*** Opening Excerpted records ***
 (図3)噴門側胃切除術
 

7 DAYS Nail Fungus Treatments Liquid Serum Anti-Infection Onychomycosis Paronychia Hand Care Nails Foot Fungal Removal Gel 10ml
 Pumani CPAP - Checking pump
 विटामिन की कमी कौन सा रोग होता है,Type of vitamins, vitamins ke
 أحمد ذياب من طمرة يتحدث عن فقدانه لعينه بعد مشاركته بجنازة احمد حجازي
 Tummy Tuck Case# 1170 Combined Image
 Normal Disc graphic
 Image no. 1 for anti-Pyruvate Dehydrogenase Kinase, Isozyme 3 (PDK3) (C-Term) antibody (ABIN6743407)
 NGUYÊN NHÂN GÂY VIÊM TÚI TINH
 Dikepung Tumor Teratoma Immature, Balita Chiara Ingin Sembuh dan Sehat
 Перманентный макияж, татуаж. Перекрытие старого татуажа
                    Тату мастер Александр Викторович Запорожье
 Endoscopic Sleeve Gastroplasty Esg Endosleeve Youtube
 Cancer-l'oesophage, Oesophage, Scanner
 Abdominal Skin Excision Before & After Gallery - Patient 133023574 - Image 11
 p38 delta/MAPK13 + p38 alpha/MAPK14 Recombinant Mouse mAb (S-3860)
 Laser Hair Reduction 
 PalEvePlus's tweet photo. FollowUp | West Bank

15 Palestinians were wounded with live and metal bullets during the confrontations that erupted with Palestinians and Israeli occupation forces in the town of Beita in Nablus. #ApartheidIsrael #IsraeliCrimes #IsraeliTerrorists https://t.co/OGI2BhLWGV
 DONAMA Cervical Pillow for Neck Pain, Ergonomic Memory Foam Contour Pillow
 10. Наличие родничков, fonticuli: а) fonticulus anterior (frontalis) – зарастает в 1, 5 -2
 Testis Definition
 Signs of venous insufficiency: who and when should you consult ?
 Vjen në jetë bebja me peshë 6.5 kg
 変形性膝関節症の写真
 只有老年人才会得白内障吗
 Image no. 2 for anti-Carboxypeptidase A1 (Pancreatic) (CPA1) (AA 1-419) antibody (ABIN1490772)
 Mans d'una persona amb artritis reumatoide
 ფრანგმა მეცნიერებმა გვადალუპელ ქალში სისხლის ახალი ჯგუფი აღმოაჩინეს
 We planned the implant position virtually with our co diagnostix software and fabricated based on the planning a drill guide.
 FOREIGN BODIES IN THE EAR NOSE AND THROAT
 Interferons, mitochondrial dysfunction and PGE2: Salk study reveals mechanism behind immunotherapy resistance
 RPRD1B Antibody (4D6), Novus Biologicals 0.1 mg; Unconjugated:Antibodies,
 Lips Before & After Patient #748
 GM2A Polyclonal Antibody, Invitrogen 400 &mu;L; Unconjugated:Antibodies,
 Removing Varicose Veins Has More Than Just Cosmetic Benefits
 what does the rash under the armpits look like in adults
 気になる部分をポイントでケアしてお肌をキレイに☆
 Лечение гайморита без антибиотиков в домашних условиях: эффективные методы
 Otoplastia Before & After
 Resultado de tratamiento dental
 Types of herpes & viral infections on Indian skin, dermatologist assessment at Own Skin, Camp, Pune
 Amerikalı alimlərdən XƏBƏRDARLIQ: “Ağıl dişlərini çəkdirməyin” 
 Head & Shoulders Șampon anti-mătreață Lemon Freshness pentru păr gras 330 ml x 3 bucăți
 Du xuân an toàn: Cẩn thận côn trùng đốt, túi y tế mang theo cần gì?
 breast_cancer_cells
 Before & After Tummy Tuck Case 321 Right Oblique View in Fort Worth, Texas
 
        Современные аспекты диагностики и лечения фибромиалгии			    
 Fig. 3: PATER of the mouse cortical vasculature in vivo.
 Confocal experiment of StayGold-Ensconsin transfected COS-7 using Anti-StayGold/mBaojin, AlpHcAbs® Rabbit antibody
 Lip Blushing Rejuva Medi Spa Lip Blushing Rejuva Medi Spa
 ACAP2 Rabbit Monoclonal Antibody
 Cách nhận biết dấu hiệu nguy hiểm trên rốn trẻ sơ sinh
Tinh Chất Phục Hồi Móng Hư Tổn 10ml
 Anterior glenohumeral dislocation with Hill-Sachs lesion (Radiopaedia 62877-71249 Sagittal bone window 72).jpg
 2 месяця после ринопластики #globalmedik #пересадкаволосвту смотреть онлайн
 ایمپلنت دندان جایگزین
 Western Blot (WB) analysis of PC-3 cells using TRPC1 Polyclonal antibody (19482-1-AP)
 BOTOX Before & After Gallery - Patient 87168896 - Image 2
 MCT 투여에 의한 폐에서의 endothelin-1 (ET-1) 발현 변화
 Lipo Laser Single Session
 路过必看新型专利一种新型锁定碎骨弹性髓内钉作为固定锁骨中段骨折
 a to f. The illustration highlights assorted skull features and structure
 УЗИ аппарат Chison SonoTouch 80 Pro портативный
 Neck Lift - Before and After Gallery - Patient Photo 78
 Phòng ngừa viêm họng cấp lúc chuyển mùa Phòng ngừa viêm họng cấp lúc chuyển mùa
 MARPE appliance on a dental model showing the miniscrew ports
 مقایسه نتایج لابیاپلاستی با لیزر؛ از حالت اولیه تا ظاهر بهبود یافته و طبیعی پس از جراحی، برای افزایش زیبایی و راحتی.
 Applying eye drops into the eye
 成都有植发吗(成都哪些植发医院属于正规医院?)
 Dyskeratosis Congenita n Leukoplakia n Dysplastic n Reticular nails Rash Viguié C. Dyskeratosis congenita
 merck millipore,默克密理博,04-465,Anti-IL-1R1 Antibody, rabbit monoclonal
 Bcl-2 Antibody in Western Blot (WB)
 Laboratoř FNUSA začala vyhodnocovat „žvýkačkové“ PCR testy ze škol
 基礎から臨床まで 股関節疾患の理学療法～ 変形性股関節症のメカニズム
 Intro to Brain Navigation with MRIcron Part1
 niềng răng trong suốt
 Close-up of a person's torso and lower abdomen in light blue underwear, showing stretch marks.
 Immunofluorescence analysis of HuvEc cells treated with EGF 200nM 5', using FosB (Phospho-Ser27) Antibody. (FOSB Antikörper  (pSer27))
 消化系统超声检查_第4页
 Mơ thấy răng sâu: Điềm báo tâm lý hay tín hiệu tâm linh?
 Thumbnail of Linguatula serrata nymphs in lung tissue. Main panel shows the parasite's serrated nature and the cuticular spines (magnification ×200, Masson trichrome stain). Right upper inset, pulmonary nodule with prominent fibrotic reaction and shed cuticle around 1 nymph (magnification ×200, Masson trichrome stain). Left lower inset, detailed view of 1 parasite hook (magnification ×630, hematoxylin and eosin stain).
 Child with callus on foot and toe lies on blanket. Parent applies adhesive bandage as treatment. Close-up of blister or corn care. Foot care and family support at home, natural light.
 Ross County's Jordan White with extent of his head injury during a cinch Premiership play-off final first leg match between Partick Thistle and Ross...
*** Closing Excerpted records ***
## Work task:
Go through the records above and, whenever a line includes the word "during", copy it.

## Result of this task:
15 Palestinians were wounded with live and metal bullets during the confrontations that erupted with Palestinians and Israeli occupation forces in the town of Beita in Nablus. #ApartheidIsrael #IsraeliCrimes #IsraeliTerrorists https://t.co/OGI2BhLWGV
 Ross County's Jordan White with extent of his head injury during a cinch Premiership play-off final first leg match between Partick Thistle and Ross...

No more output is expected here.